▸ **Task requirements**: Your copy must start with the line containing "Quick steps in Outlook lets" and end with the last line of the entries, matching them exactly and leaving out every picture.

Stored items
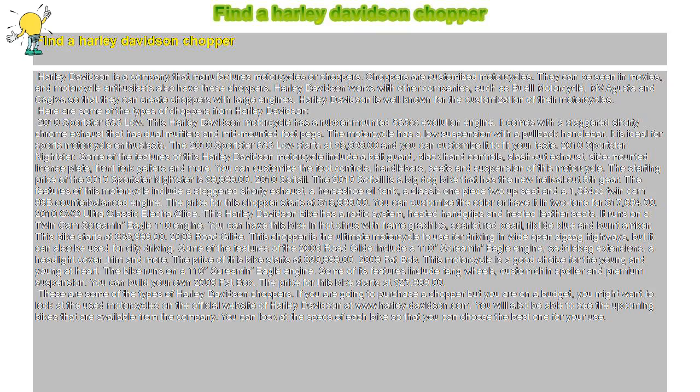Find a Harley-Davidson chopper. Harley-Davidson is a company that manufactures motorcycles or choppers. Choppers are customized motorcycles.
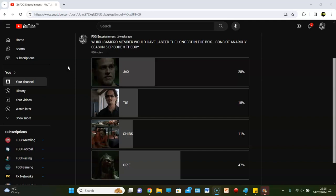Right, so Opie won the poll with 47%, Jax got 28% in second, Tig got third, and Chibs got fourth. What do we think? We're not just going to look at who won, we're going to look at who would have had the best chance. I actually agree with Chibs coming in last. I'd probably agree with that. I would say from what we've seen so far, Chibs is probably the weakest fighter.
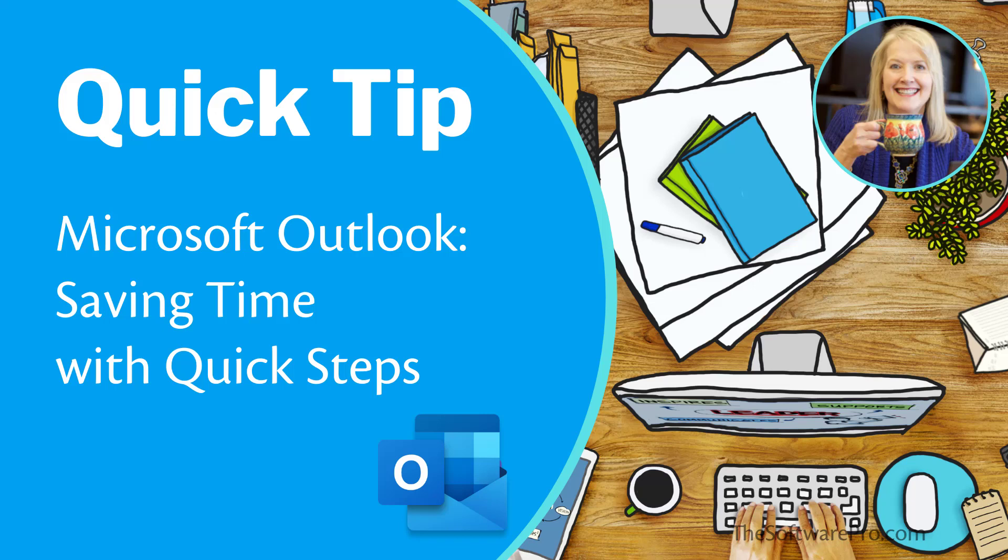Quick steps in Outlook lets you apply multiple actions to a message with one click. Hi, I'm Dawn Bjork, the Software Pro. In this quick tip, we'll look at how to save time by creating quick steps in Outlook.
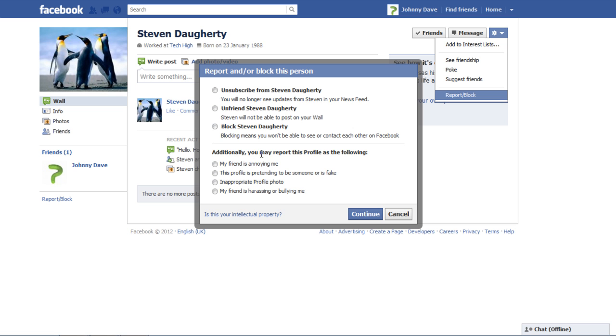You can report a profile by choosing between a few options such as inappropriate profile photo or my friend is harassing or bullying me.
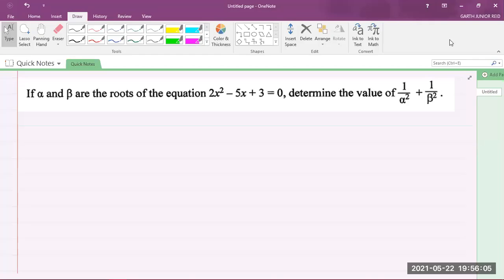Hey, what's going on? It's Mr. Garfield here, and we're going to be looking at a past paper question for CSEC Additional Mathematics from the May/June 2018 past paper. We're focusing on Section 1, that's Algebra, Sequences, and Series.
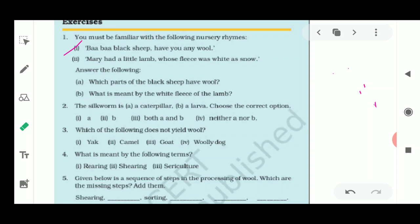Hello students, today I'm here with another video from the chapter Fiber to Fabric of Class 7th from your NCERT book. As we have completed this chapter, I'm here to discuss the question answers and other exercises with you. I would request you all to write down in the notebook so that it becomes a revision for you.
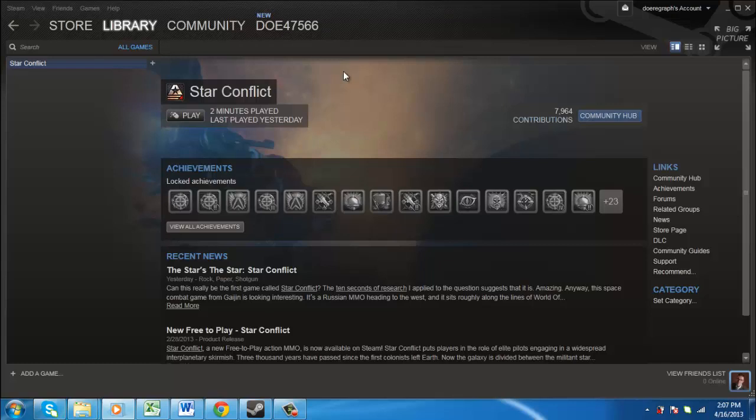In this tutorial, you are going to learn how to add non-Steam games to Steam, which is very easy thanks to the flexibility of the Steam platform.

▸ **Output below**:
Quick steps in Outlook lets you apply multiple actions to a message with one click. Hi, I'm Dawn Bjork, the Software Pro. In this quick tip, we'll look at how to save time by creating quick steps in Outlook.
You can report a profile by choosing between a few options such as inappropriate profile photo or my friend is harassing or bullying me.
Hey, what's going on? It's Mr. Garfield here, and we're going to be looking at a past paper question for CSEC Additional Mathematics from the May/June 2018 past paper. We're focusing on Section 1, that's Algebra, Sequences, and Series.
Hello students, today I'm here with another video from the chapter Fiber to Fabric of Class 7th from your NCERT book. As we have completed this chapter, I'm here to discuss the question answers and other exercises with you. I would request you all to write down in the notebook so that it becomes a revision for you.
In this tutorial, you are going to learn how to add non-Steam games to Steam, which is very easy thanks to the flexibility of the Steam platform.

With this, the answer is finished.